> _Dataset section_:
========================================

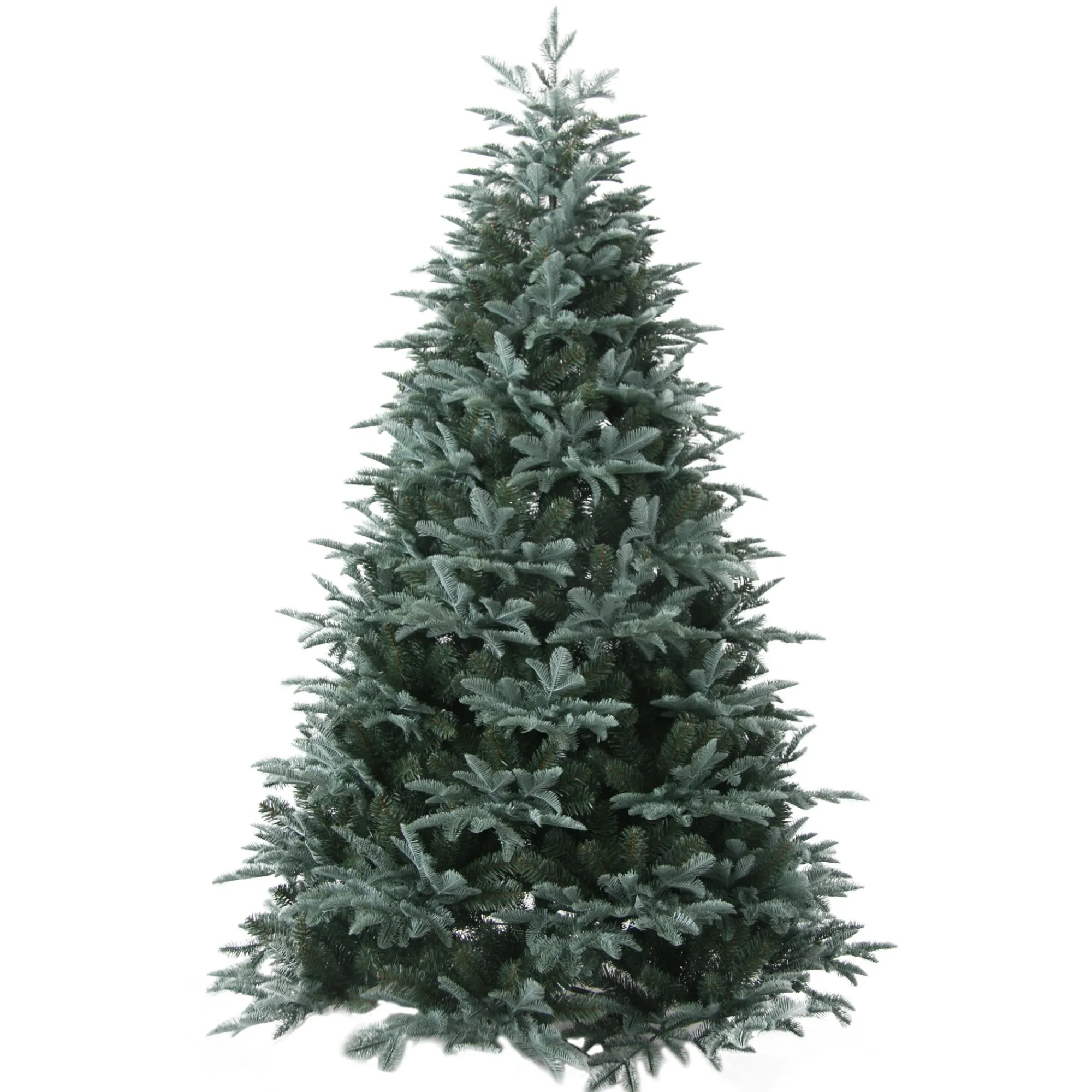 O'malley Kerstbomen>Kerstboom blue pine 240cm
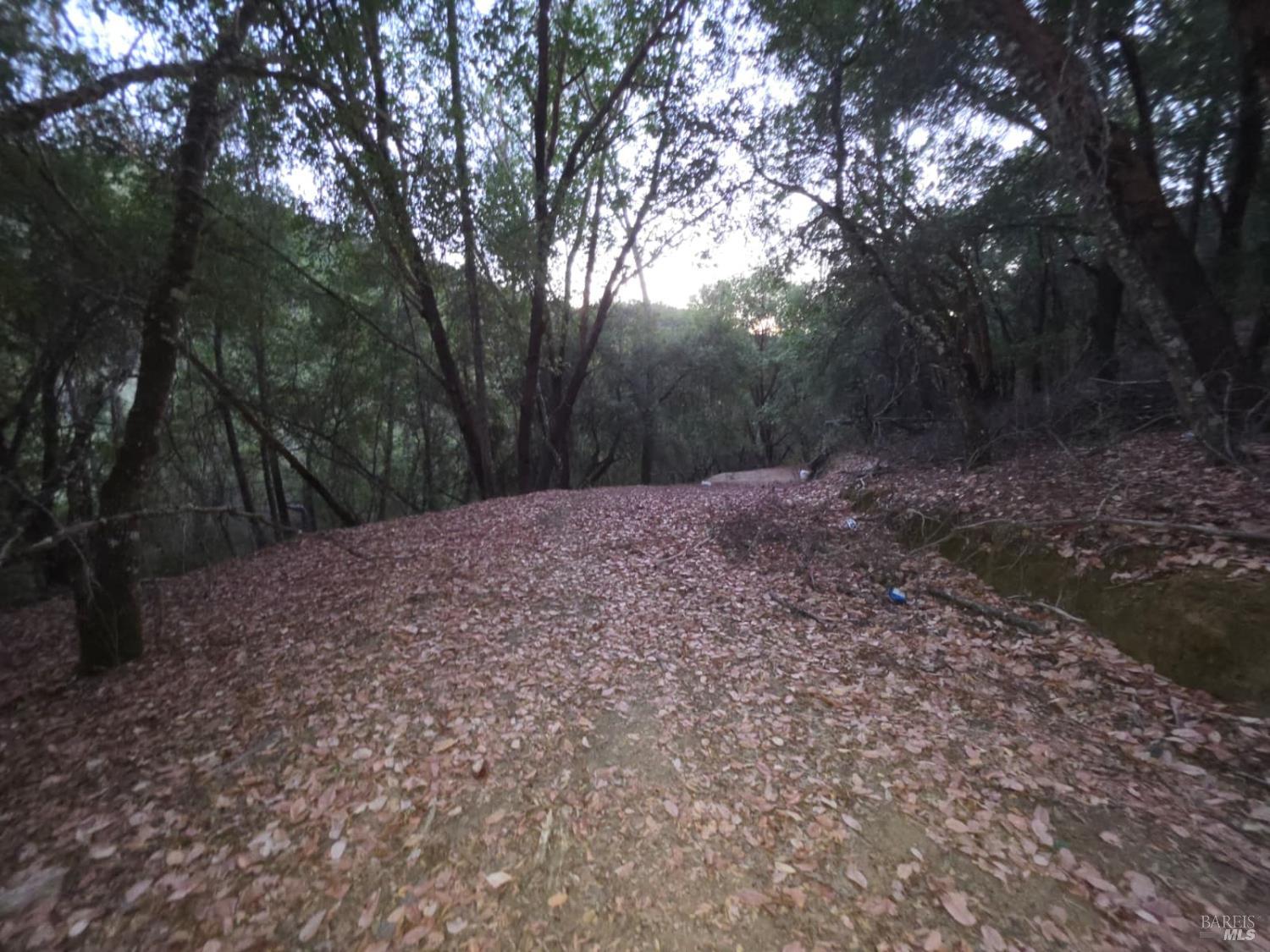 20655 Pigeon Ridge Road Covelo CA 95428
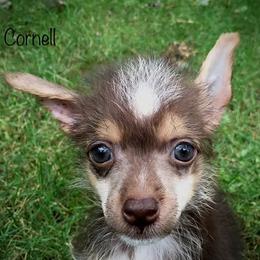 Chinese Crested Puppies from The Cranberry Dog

========================================

> _What you have to do_: Where a picture appears in the data, omit it; restate the rest word for word.

> _Written response_:
 O'malley Kerstbomen>Kerstboom blue pine 240cm
 20655 Pigeon Ridge Road Covelo CA 95428
 Chinese Crested Puppies from The Cranberry Dog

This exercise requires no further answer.